A Floridian with an offshore fishing boat!!!! Outrageous! Seriously at a time he had a $800,000 windfall (on top of his normal salary) that he also used to pay off student loan debt from his undergraduate work and law school. He dreamed of having a boat. He had money to buy the boat outright. Go for it.
Oh, but he also has a sparse savings as well apparently, NYT points out.
Other moves seemed simply unwise: A few weeks ago, he disclosed that he had liquidated a $68,000 retirement account, a move that is widely discouraged by financial experts and which probably cost him about $24,000 in taxes and penalties.

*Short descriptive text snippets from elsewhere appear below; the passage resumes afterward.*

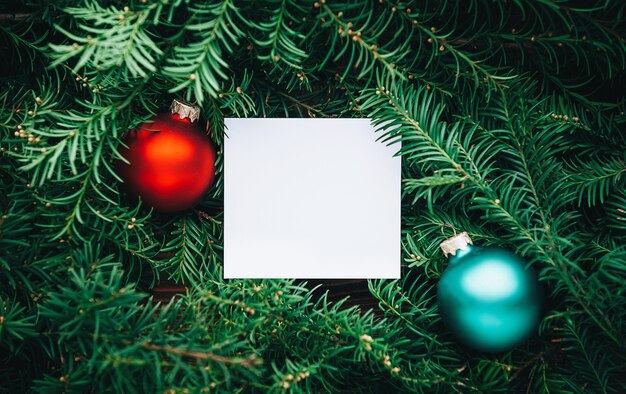 Ramas de un árbol de Navidad y una hoja de papel vacía.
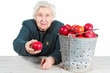 Grandma with red apples.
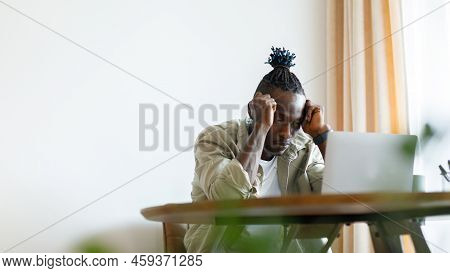 A Man Sits At Home In A Tense Mood And Looks At A Laptop. The Man Looks Flustered, With Hands Touchi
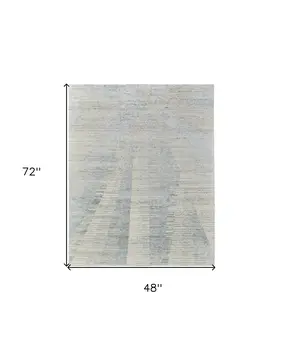 4' X 6' Ivory and Blue Abstract Hand Knotted Worn Faded Area Rug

In the past week, he suffered a new loss when he sold his second home in Florida’s capital, Tallahassee, for $18,000 less than he and a friend paid for it a decade ago. The house had previously faced foreclosure after Mr. Rubio and his friend failed to make mortgage payments for five months.
These were not isolated incidents. A review of the Rubio family’s finances — including many new documents — reveals a series of decisions over the past 15 years that experts called imprudent: significant debts; a penchant to spend heavily on luxury items like the boat and the lease of a $50,000 2015 Audi Q7; a strikingly low savings rate, even when Mr. Rubio was earning large sums; and inattentive accounting that led to years of unpaid local government fees.

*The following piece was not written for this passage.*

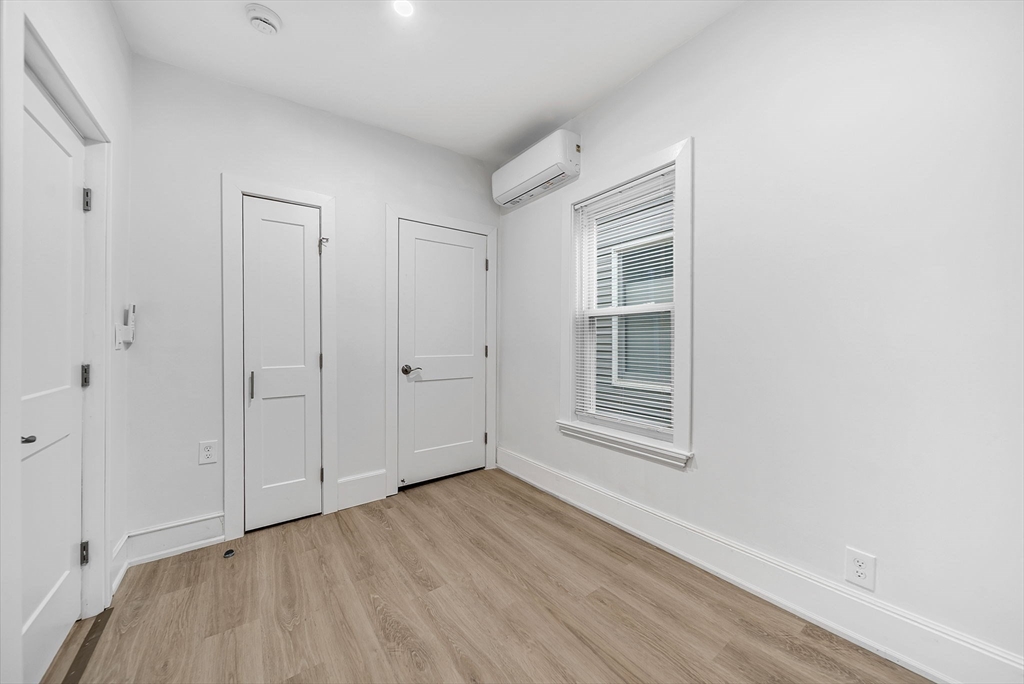 92 Willow Street, Unit 3 Cambridge, MA 02141 - Photo 8 of 17 a view of an empty room with wooden floor and a window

Liquidating a retirement account… how many Americans have been there? He may have done it to pay off debt. We don’t know why he did it, but it is his money and he paid the applicable taxes and fees.

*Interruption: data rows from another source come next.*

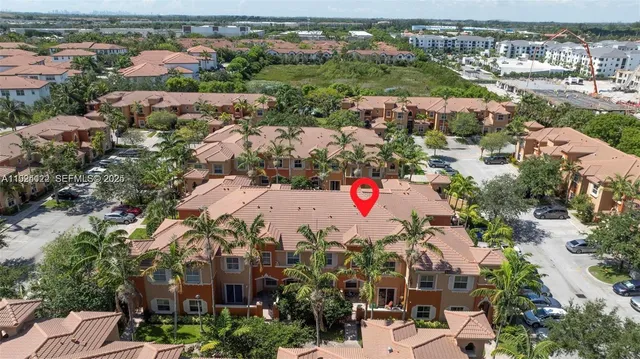 an aerial view of residential houses with outdoor space
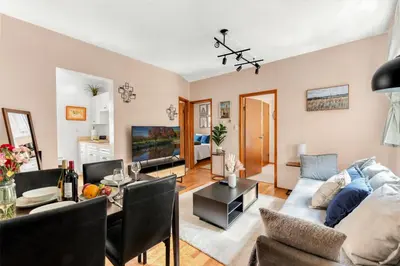 a living room with a couch and a table at Stylish 2 Bedroom Apartment in Chelsea in New York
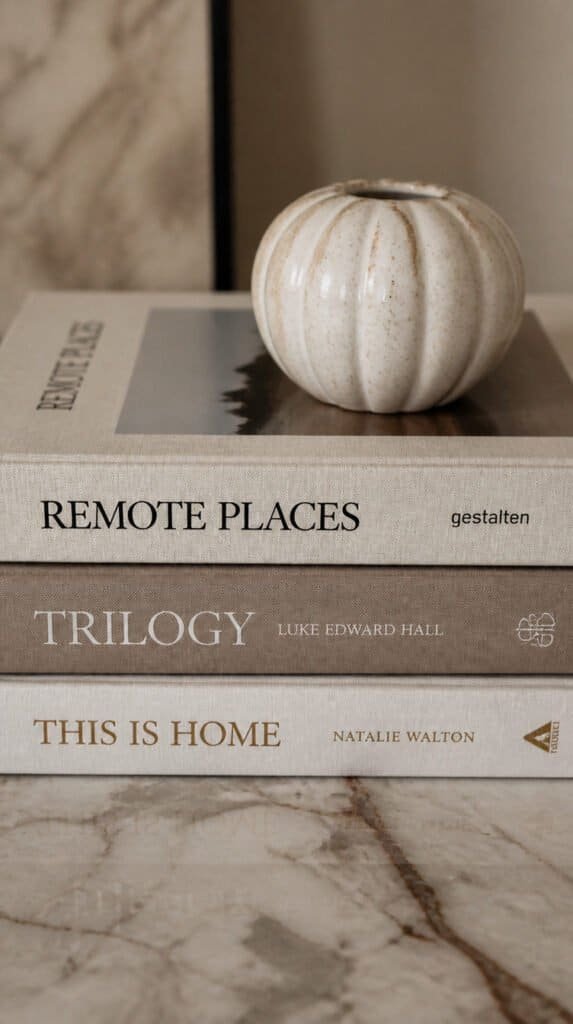 Three coffee table books stacked horizontally on marble surface with a small ceramic object placed on top, warm neutral cover tones, editorial flat lay photography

Ok, with selling the 2nd home… selling it for $18,000 less than what they paid for it. They don’t specify how long it was on the market. They don’t mention the fact that he made that purchase while in the state legislature – he doesn’t need the house anymore. It was probably more important to dump the 2nd mortgage payment than it was to recoup everything he made let along make a profit (which may not be possible with how the housing market has been up and down over the last few years).
A lease of a $50,000 2015 Audi Q7 on a U.S. Senator’s salary, with income from two books and a wife who also works that doesn’t seem all that outrageous to me. Personally, I don’t lease cars (I don’t like having any car payment), but we don’t know what went into that decision and frankly it’s none of our business. As far as having a “strikingly low savings rate” well Rubio and many other Americans. Define “strikingly low” and “strikingly low for a 44-year-old is considerably different than “strikingly low” for a 65-year-old.
This article is just slimy to me. Rubio’s campaign responds:
First The New York Times attacked Marco over traffic tickets, and now they think he doesn’t have enough money. Of course if he was worth millions, The Times would then attack him for being too rich, like they did to Mitt Romney.
What The Times misses is that getting rich is not what has driven Senator Rubio’s financial decisions. His goal at this stage in his life is to provide his four children with a good home, a quality education, and a safe and happy upbringing. As he wrote in his book,
“The mark I make in this world will not be decided by how much money I make or how many titles I attain. Rather, the greatest mark I can leave is the one I will make as a father and a husband.”
The Truth About Marco’s Personal Finances
- Marco has a single debt, the mortgage on his home.
- Marco has decided to send his four children to private Christian schools in Miami, and has created college savings accounts for each kid.
- Over the last several years, Marco has donated close to $150,000 to charity.
- Marco’s monthly financial obligations do not put his family finances above the 43 percent debt-to-income ratio the federal government suggests is worrisome.
- Marco’s paid off over $150,000 in student loans from his undergraduate and law degree.